I do have quite a big problem with the ‘net’ package. Unlike regular socket programming, you don’t get to configure the socket the way you want. Want to toggle an arbitrary sockopt like IP_RECVPKTINFO? Good luck. The only way to do that is via the ‘syscall’ package, which is the laziest wrapper around the POSIX interface I’ve seen in a while (reminds me of some old PHP bindings). Even better, you can’t get the file descriptor out of a connection initiated with the ‘net’ package, you get to standup the socket entirely with the syscall interface:

fd, err := syscall.Socket(syscall.AF_INET6, syscall.SOCK_DGRAM, 0)
if err != nil {
    rlog.Fatal("failed to create socket", err.Error())
}
rlog.Debug("socket fd is %d\n", fd)

err = syscall.SetsockoptInt(fd, syscall.IPPROTO_IPV6, syscall.IPV6_RECVPKTINFO, 1)
if err != nil {
    rlog.Fatal("unable to set IPV6_RECVPKTINFO", err.Error())
}

err = syscall.SetsockoptInt(fd, syscall.IPPROTO_IPV6, syscall.IPV6_V6ONLY, 1)
if err != nil {
    rlog.Fatal("unable to set IPV6_V6ONLY", err.Error())
}

addr := new(syscall.SockaddrInet6)
addr.Port = UDPPort

rlog.Notice("UDP listen port is %d", addr.Port)

err = syscall.Bind(fd, addr)
if err != nil {
    rlog.Fatal("bind error ", err.Error())
}

And then you get the joy of passing/receiving byte[] parameters to/from the syscall functions. Constructing/destructuring C structures from Go is super-fun.

Apparently the reason for this madness is the ‘net’ package assumes the sockopts are set up a specific way so the socket polling can work? I don’t know for sure but I know it makes any ‘fancy’ network programming pretty annoying and dubiously portable.

Conclusion

I just don’t understand the point of Go. If I wanted a systems language, I’d use C/D/Rust, if I wanted a language built around concurrency I’d use Erlang or Haskell.

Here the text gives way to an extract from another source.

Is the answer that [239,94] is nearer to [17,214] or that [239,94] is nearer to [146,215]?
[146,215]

The only place I can see Go shining is for stuff like portable command line utilities where you want to ship a static binary that Just Works(tm). For interactive tasks I think it would be fine, I just don’t think it is particularly well suited to long-running servery things. It also probably looks attractive to Ruby/Python/Java developers, which is where I think a lot of Go programmers come from. Speaking of Java, I wouldn’t be surprised to see Go end up as the ‘new Java’ given the easier deploy story and the similar sort of vibe I get from the language. If you’re just looking for a ‘better’ Ruby/Python/Java, Go might be for you, but I would encourage you to look further afield. Good languages help evolve your approach to programming; LISP shows you the idea of code as data, C teaches you about working with the machine at a lower level, Ruby teaches you about message passing & lambdas, Erlang teaches you about concurrency and fault tolerance, Haskell teaches you about real type systems and purity, Rust presumably teaches you about sharing memory in a concurrent environment. I just don’t think I got much from learning Go.